» **WHAT YOU ARE ASKED TO DO**: Please output the entries below exactly as they are.

——

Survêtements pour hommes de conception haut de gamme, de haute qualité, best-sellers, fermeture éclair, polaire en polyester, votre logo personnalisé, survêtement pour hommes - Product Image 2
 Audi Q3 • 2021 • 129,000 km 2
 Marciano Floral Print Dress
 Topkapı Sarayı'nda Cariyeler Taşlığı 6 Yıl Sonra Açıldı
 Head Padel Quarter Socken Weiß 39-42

——

» **SOLUTION**:
Survêtements pour hommes de conception haut de gamme, de haute qualité, best-sellers, fermeture éclair, polaire en polyester, votre logo personnalisé, survêtement pour hommes - Product Image 2
 Audi Q3 • 2021 • 129,000 km 2
 Marciano Floral Print Dress
 Topkapı Sarayı'nda Cariyeler Taşlığı 6 Yıl Sonra Açıldı
 Head Padel Quarter Socken Weiß 39-42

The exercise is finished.